── EXERCISE INPUTS ──
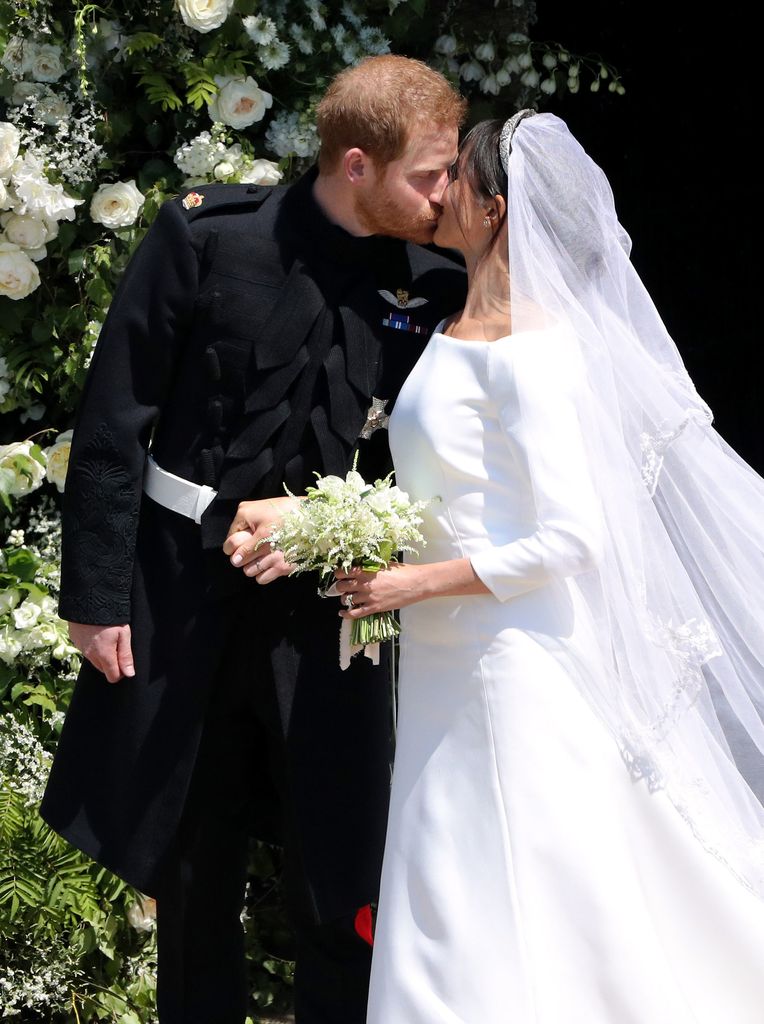 Beso del príncipe Harry y Meghan Markle el día de su boda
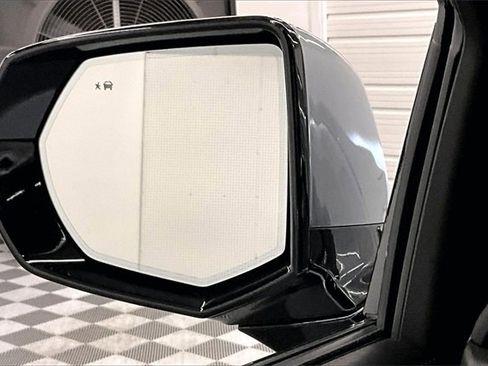 Used 2024 Chevrolet Tahoe Z71 w/ Luxury Package image 36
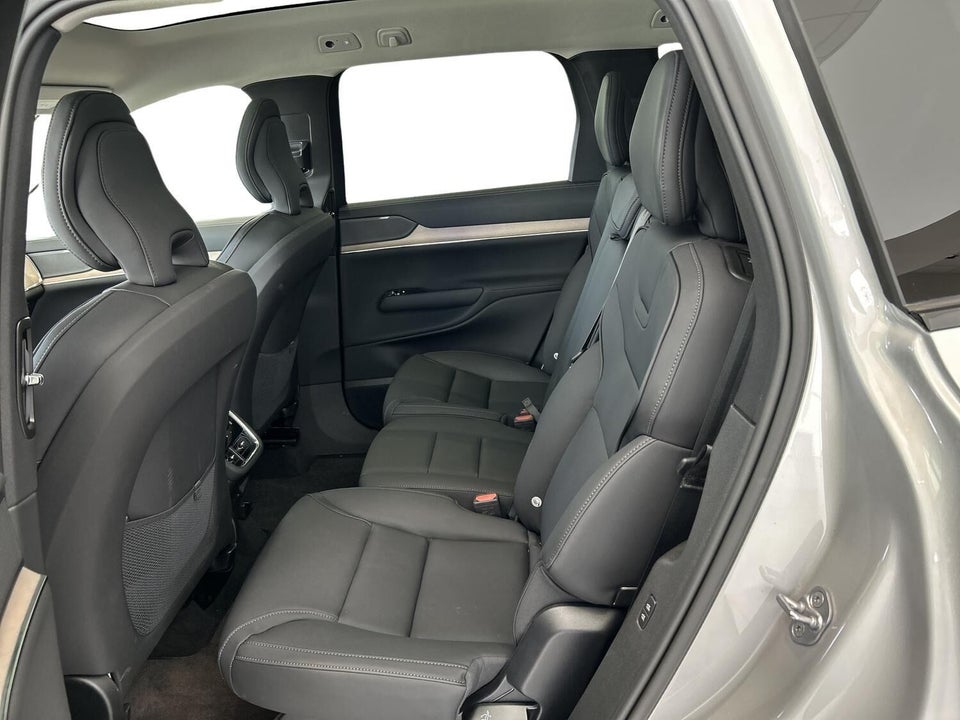 Volvo EX90 Plus 7prs 5d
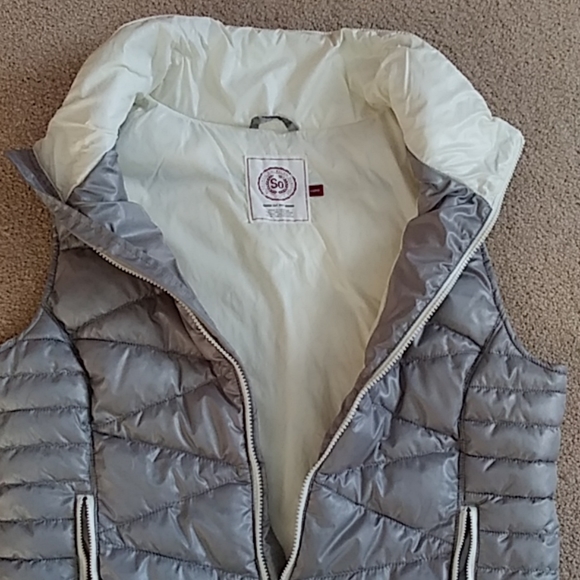 Vest - Picture 2 of 3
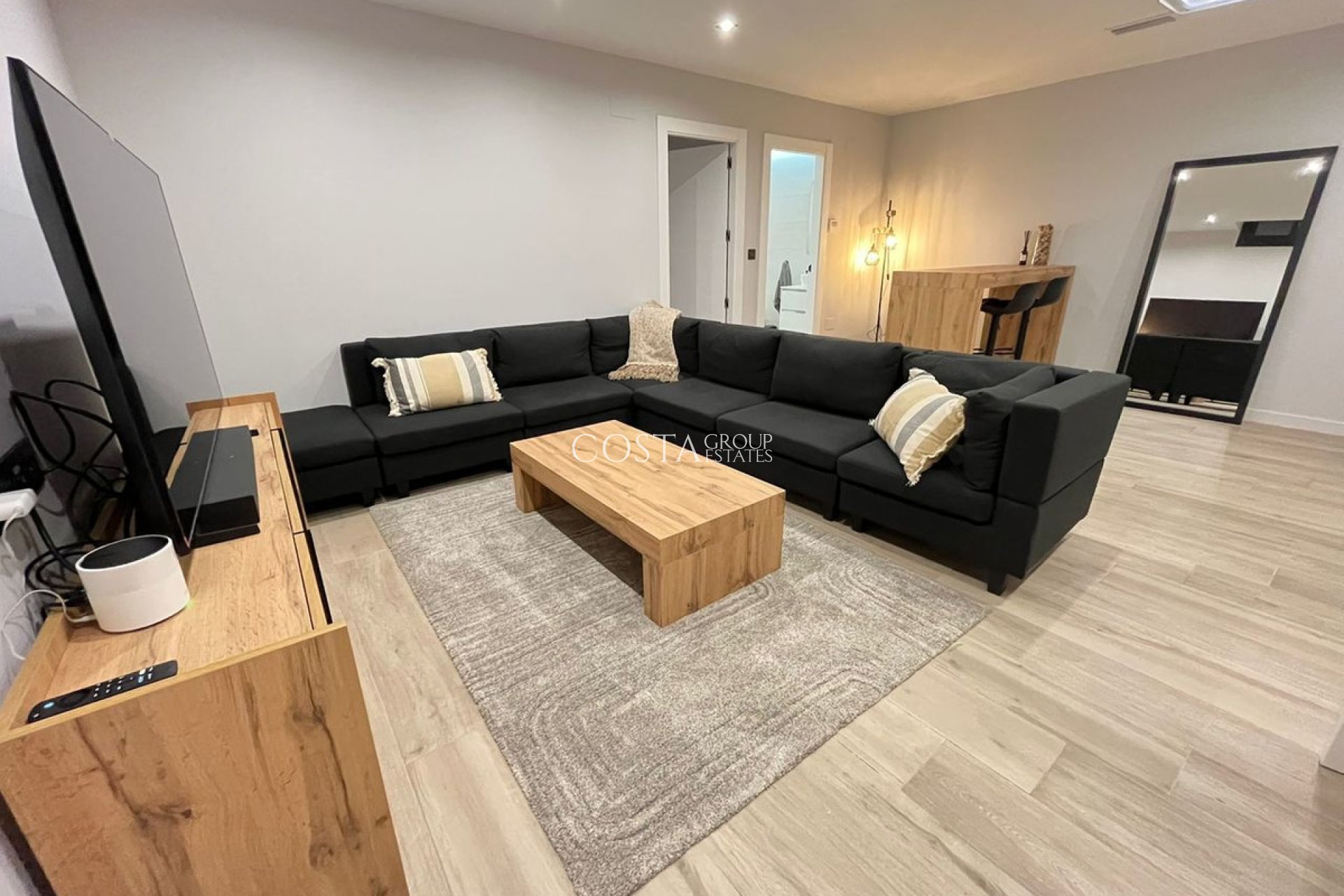 Herverkoop - Villa -
Orihuela - Punta Prima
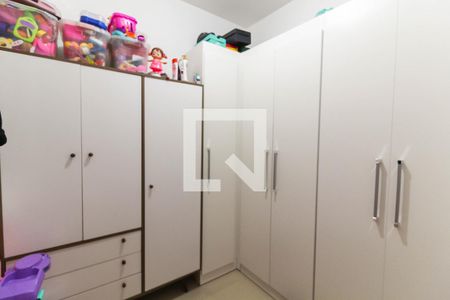 Quarto 1 de apartamento para alugar com 2 quartos, 40m² em Vila Canero, São Paulo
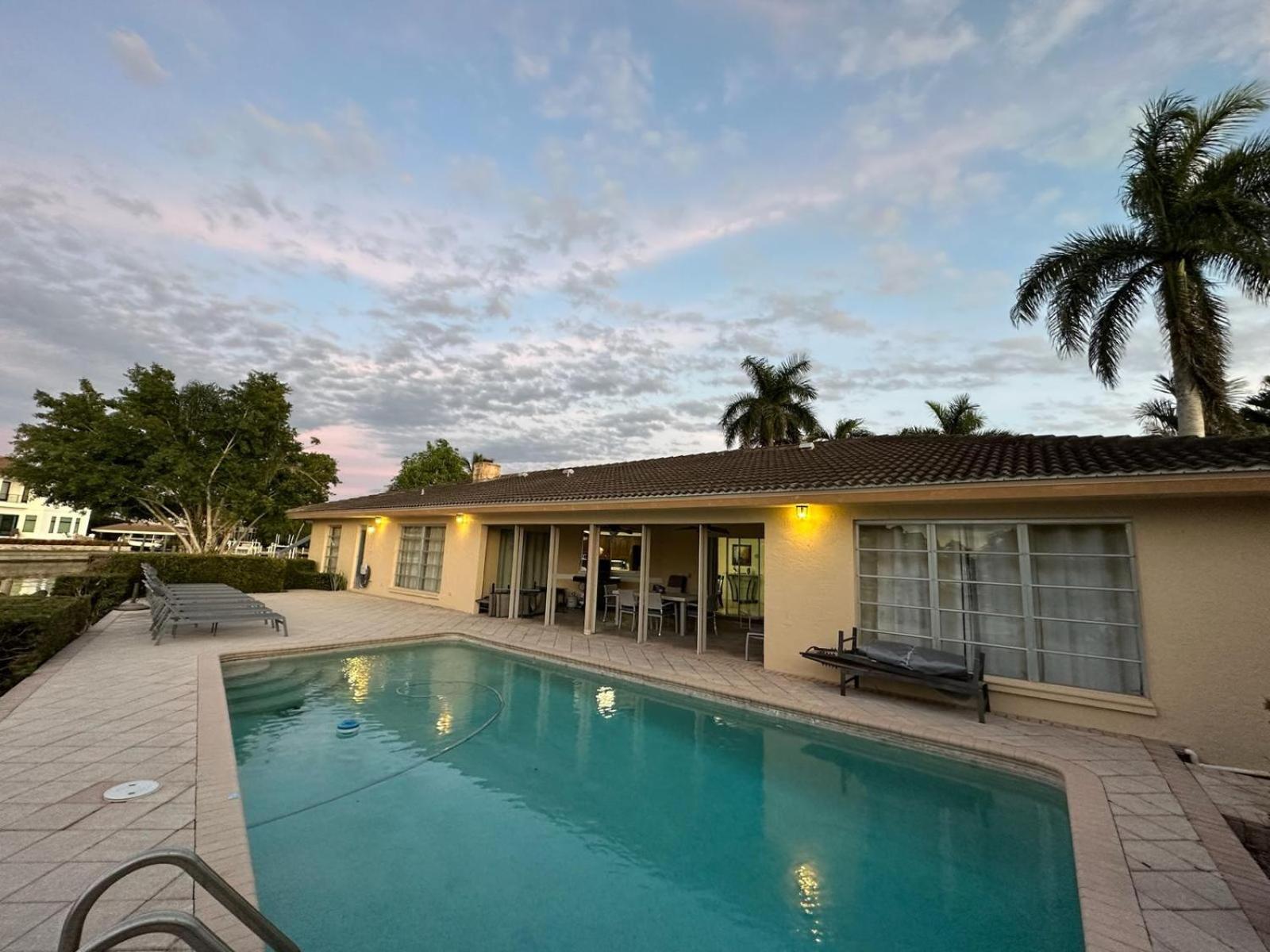 Villa Marco Island Exteriér fotografie
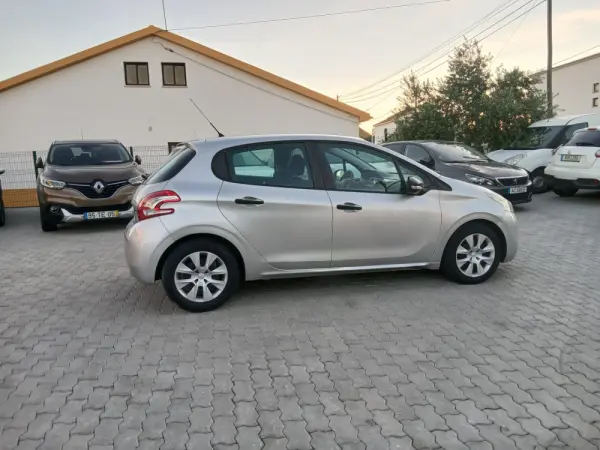 Peugeot 208 1.4 HDi 8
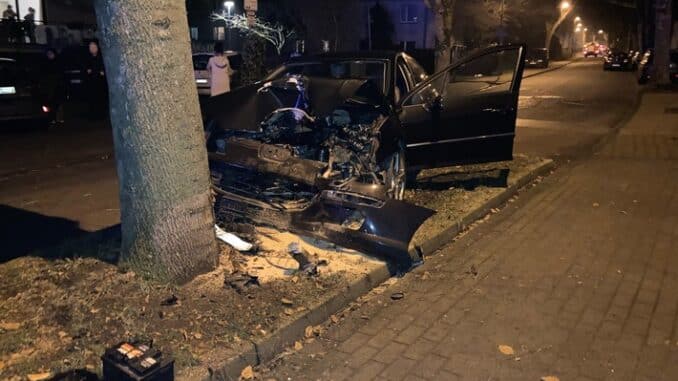 FW-EN: PKW prallt frontal gegen Baum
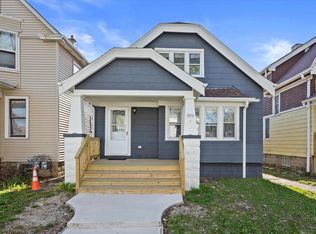 3876 N 22nd St, Milwaukee, WI 53206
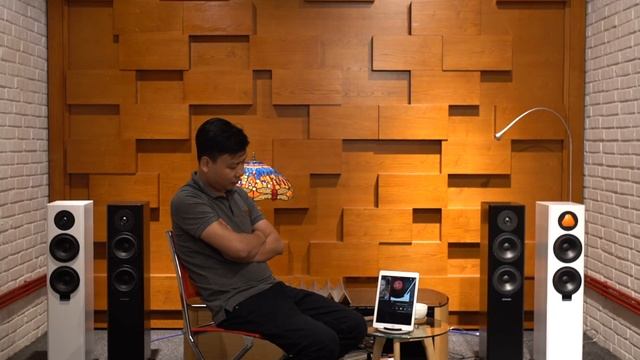 Xeo 30 loa không dây tích hợp ampli hi-end thế hệ mới đến từ Dynaudio смотреть онлайн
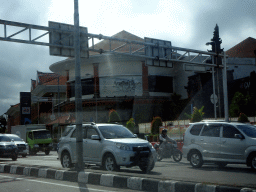 The Mali Bali Galeria at the Jalan By Pass Ngurah Rai street, viewed from the taxi from Nusa Dua to Beraban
───
▶ [YOUR ASSIGNMENT]
We ask that the entries above be copied exactly, with the pictures omitted.

▶ [ANSWER BOX]
 Beso del príncipe Harry y Meghan Markle el día de su boda
 Used 2024 Chevrolet Tahoe Z71 w/ Luxury Package image 36
 Volvo EX90 Plus 7prs 5d
 Vest - Picture 2 of 3
 Herverkoop - Villa -
Orihuela - Punta Prima
 Quarto 1 de apartamento para alugar com 2 quartos, 40m² em Vila Canero, São Paulo
 Villa Marco Island Exteriér fotografie
 Peugeot 208 1.4 HDi 8
 FW-EN: PKW prallt frontal gegen Baum
 3876 N 22nd St, Milwaukee, WI 53206
 Xeo 30 loa không dây tích hợp ampli hi-end thế hệ mới đến từ Dynaudio смотреть онлайн
 The Mali Bali Galeria at the Jalan By Pass Ngurah Rai street, viewed from the taxi from Nusa Dua to Beraban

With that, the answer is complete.